__ABOUT THIS TASK__:
Copy out each record that follows exactly, and omit any picture you find.

---------- AVAILABLE DATA ----------

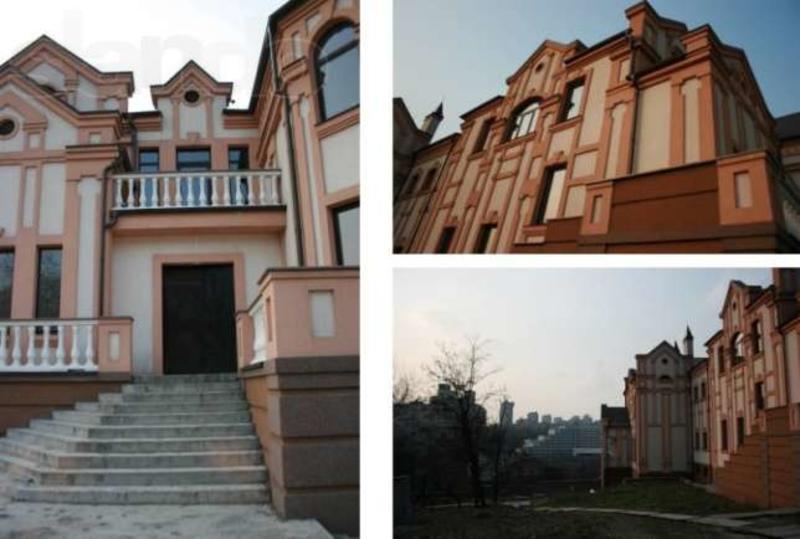 ТОП-10 самых дорогих домов в Украине (ФОТО) / slando.ua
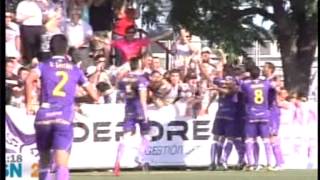 T  12 13   Playoff 3ª Elim  Ida   Huracán 1  Real Jaén 1   Canal Sur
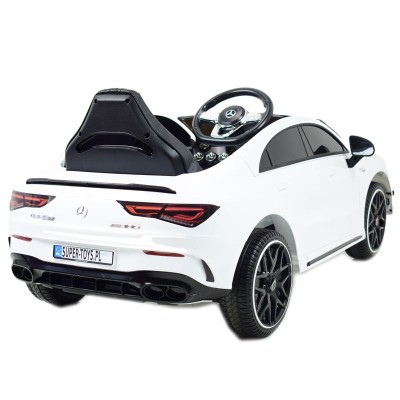 MERCEDES NA AKUMULATOR  CLA 45 - PEŁNA OPCJA/XMX628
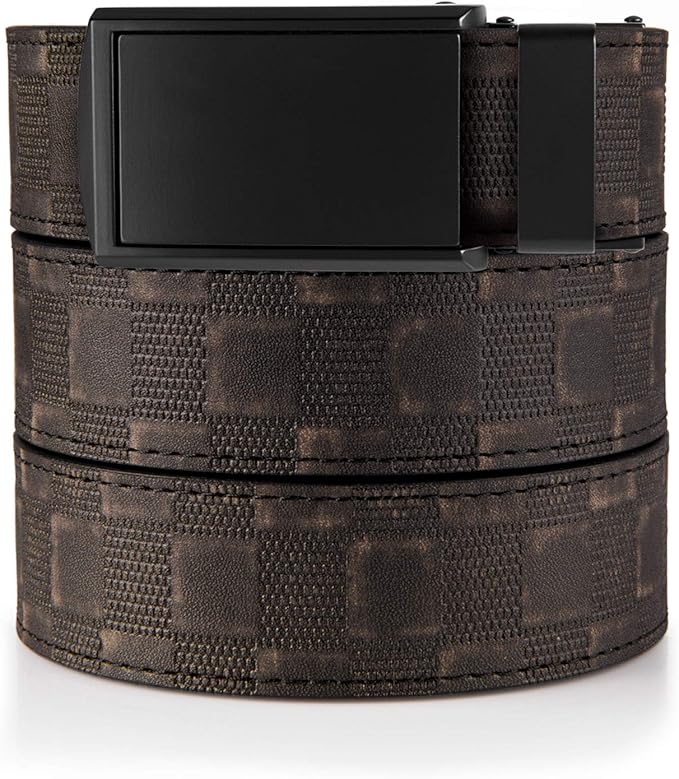 SlideBelts Men's Ratchet Belt - Custom Fit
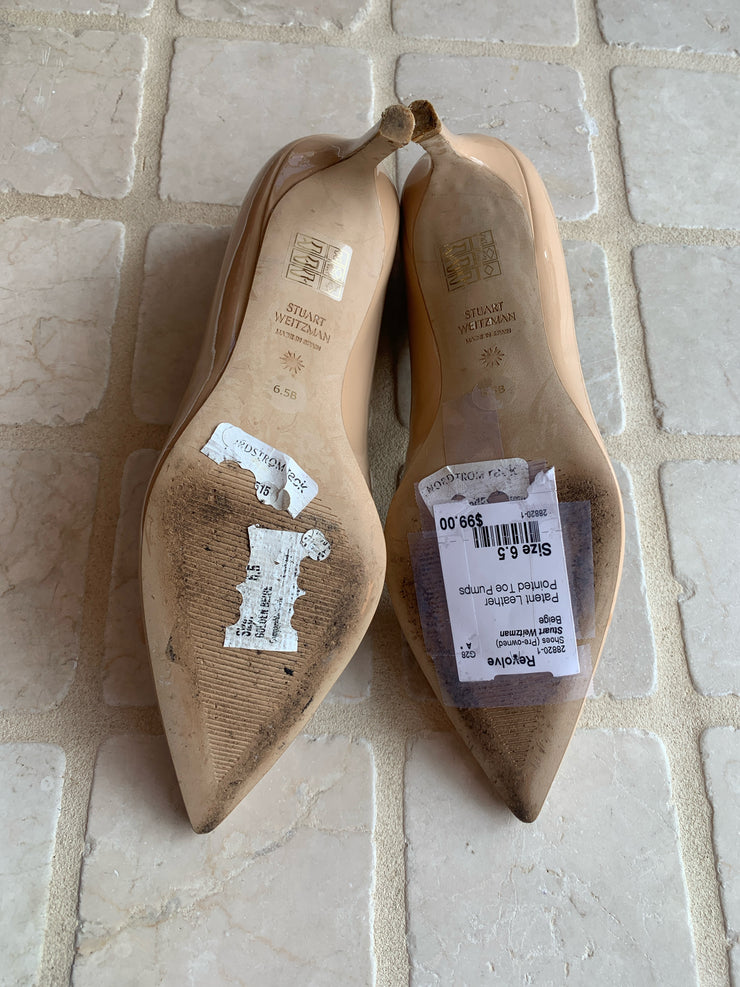 Stuart Weitzman Size 6.5 Shoes (Pre-owned)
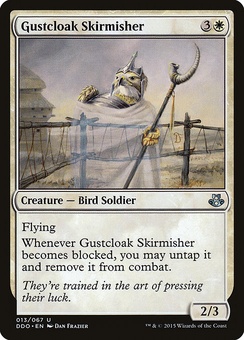 Gustcloak Skirmisher (DDO)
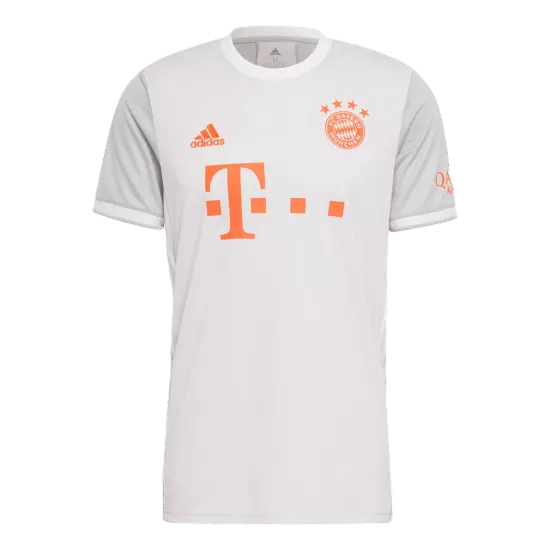 Bayern Munich Football Shirt Away 2020/21 - bestfootballkits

----------

__COMPLETED EXERCISE__:
 ТОП-10 самых дорогих домов в Украине (ФОТО) / slando.ua
 T  12 13   Playoff 3ª Elim  Ida   Huracán 1  Real Jaén 1   Canal Sur
 MERCEDES NA AKUMULATOR  CLA 45 - PEŁNA OPCJA/XMX628
 SlideBelts Men's Ratchet Belt - Custom Fit
 Stuart Weitzman Size 6.5 Shoes (Pre-owned)
 Gustcloak Skirmisher (DDO)
 Bayern Munich Football Shirt Away 2020/21 - bestfootballkits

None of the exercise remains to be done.